Ethereum is one of the most established and widely used blockchain platforms in the world. However, tech evolves—and that too fast.

Vitalik Buterin, Ethereum’s co-founder, shared a bold new proposal on April 20, 2025: replace Ethereum’s long-standing Ethereum Virtual Machine (EVM) with the RISC-V instruction set. RISC-V is an open instruction set architecture. Vitalik proposes using it as the basis for a software-emulated execution layer to replace the EVM, changing how Ethereum runs smart contracts.

The plan aims to simplify the execution layer and dramatically improve efficiency, especially for zero-knowledge proofs (ZKPs). While the EVM remains central to Ethereum today, this shift could mark a turning point in how smart contracts run on-chain.
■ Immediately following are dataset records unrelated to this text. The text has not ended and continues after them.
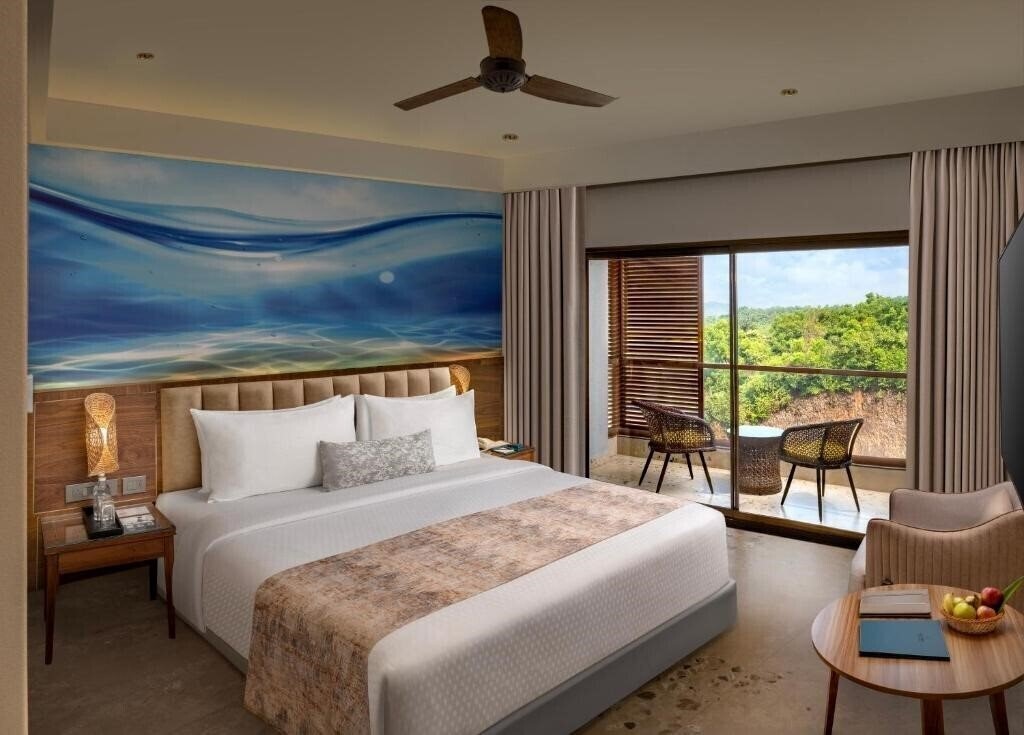 Фото Gateway Goa Palolem 5*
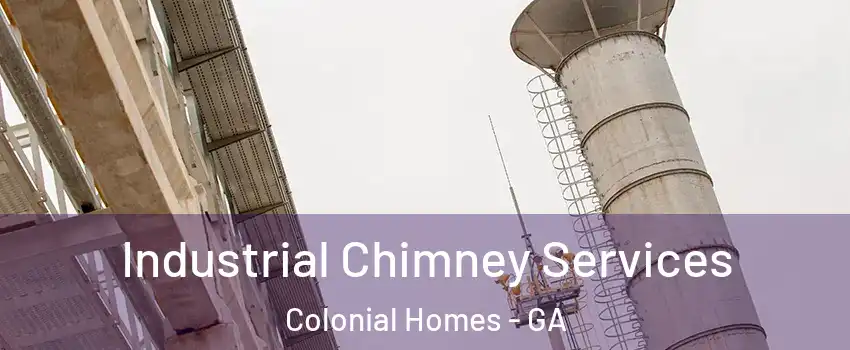 Industrial Chimney Services Colonial Homes - GA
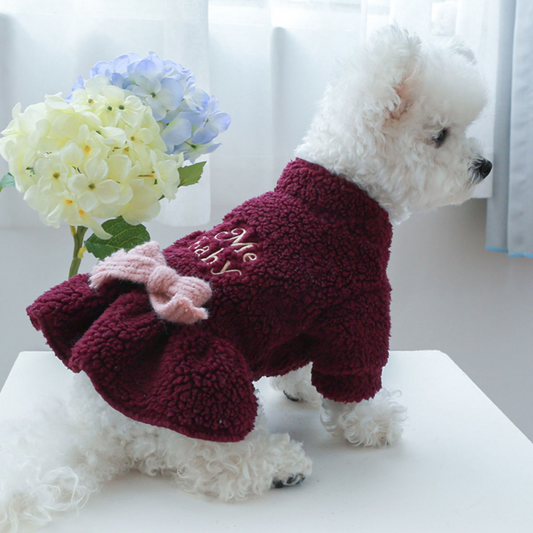 Ρούχο σκύλου φόρεμα Call Me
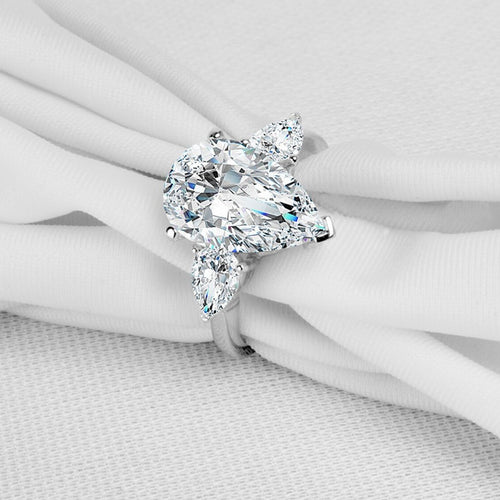 SABA Sterling silver ring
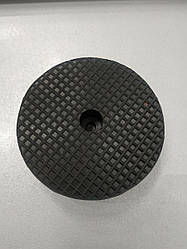 Гумова накладка для домкрату (D96мм,товщина 29мм)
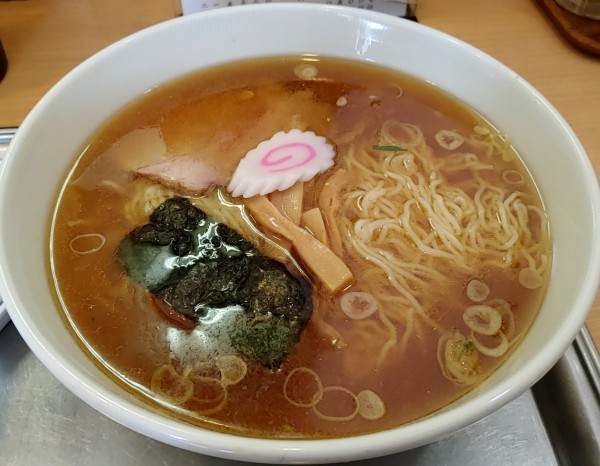 「中華そば（1,000円）」@大宮大勝軒の写真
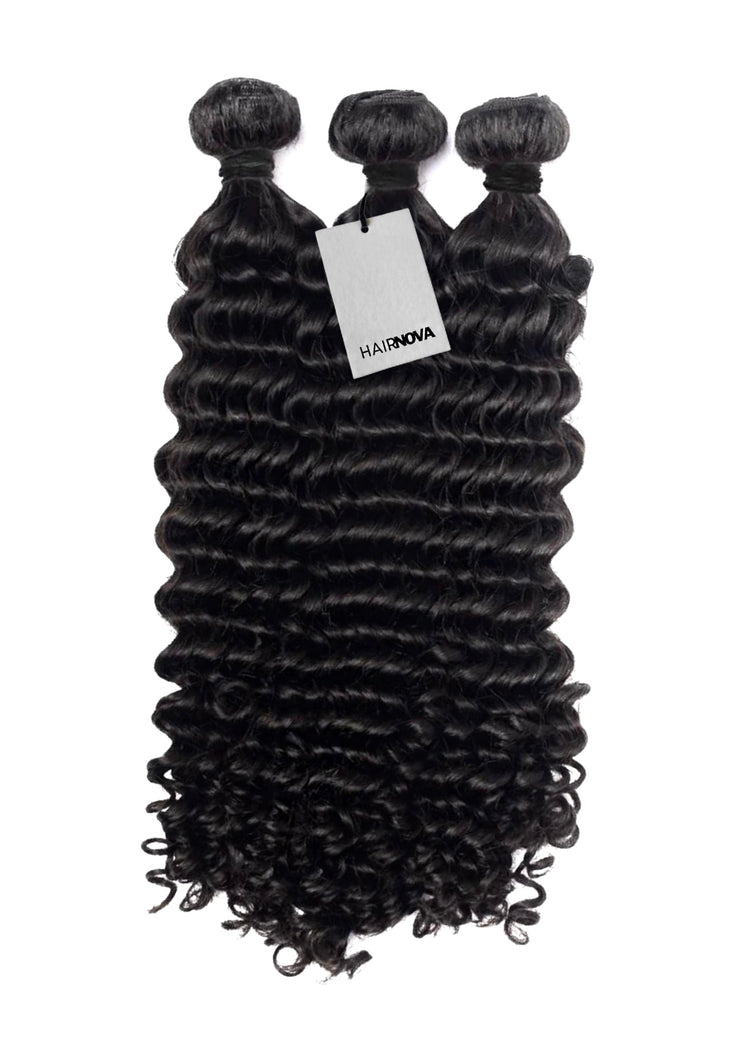 Jerry Curl + Lace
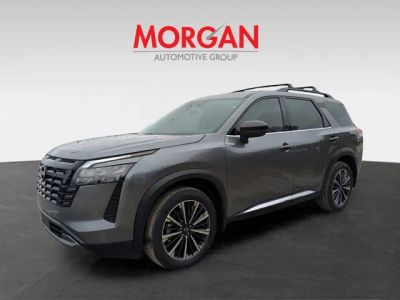 2026 Nissan Pathfinder — photo 7 view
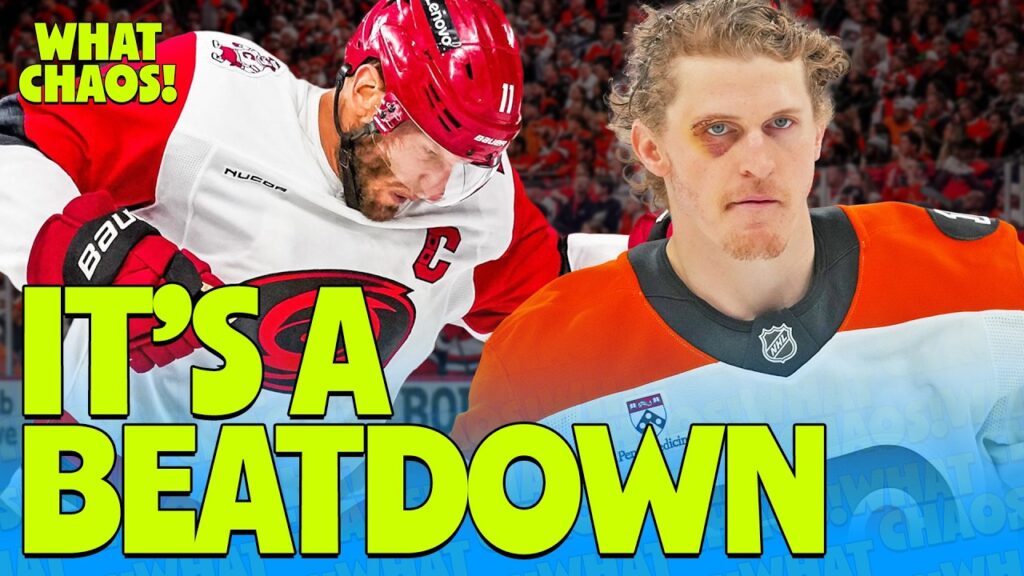 Can anyone stop the Carolina Hurricanes?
This article explores both RISC-V and the EVM, their architectural differences, and the benefits each brings to blockchain processing.

What Is the Ethereum Virtual Machine (EVM)?

The EVM is a decentralized, software-based virtual machine that runs across a network of nodes. It executes smart contracts and processes every transaction on the Ethereum blockchain.

The EVM is deterministic, so it always produces the same output for the same input on every node. This behavior is crucial for keeping all nodes in agreement and maintaining consensus across the blockchain.

The EVM supports a large and mature ecosystem of development tools, programming languages like Solidity, and a global community of developers and decentralized applications (DApps). Many other blockchains—such as BNB Chain, Avalanche, Polygon, and Fantom—are also EVM-compatible, allowing them to run Ethereum-based smart contracts with little or no modification.

Ethereum Virtual Machine (EVM) | Source: Ethereum Organization and adapted from Ethereum, EVM illustrated.
Ethereum Virtual Machine (EVM) | Source: Ethereum Organization and adapted from Ethereum, EVM illustrated.

This diagram clearly explains the internal structure of the EVM by dividing it into three major parts based on how they behave: volatile machine state, immutable virtual ROM, and persistent world state.

Machine State: Volatile

  • Program counter (PC): This shows the EVM where it is in the code. It points to the next instruction to run. With each step, the counter moves forward as the EVM reads and executes one operation at a time. If the code includes a jump, the counter changes direction and moves to a new location in the bytecode, the low-level, machine-readable code that a smart contract runs on the EVM.
  • Stack: The EVM stack holds 256-bit values used during contract execution, such as numbers, addresses, flags, and temporary results. Every item is the same size, and the EVM processes them one at a time in strict order.
  • Gas: The EVM uses gas to measure the computational effort behind each operation. This system secures the network, prevents abuse, and ensures users pay fairly for the resources they use.
  • Memory: The EVM memory holds temporary data during contract execution. It resets after each transaction. As it grows, gas costs increase.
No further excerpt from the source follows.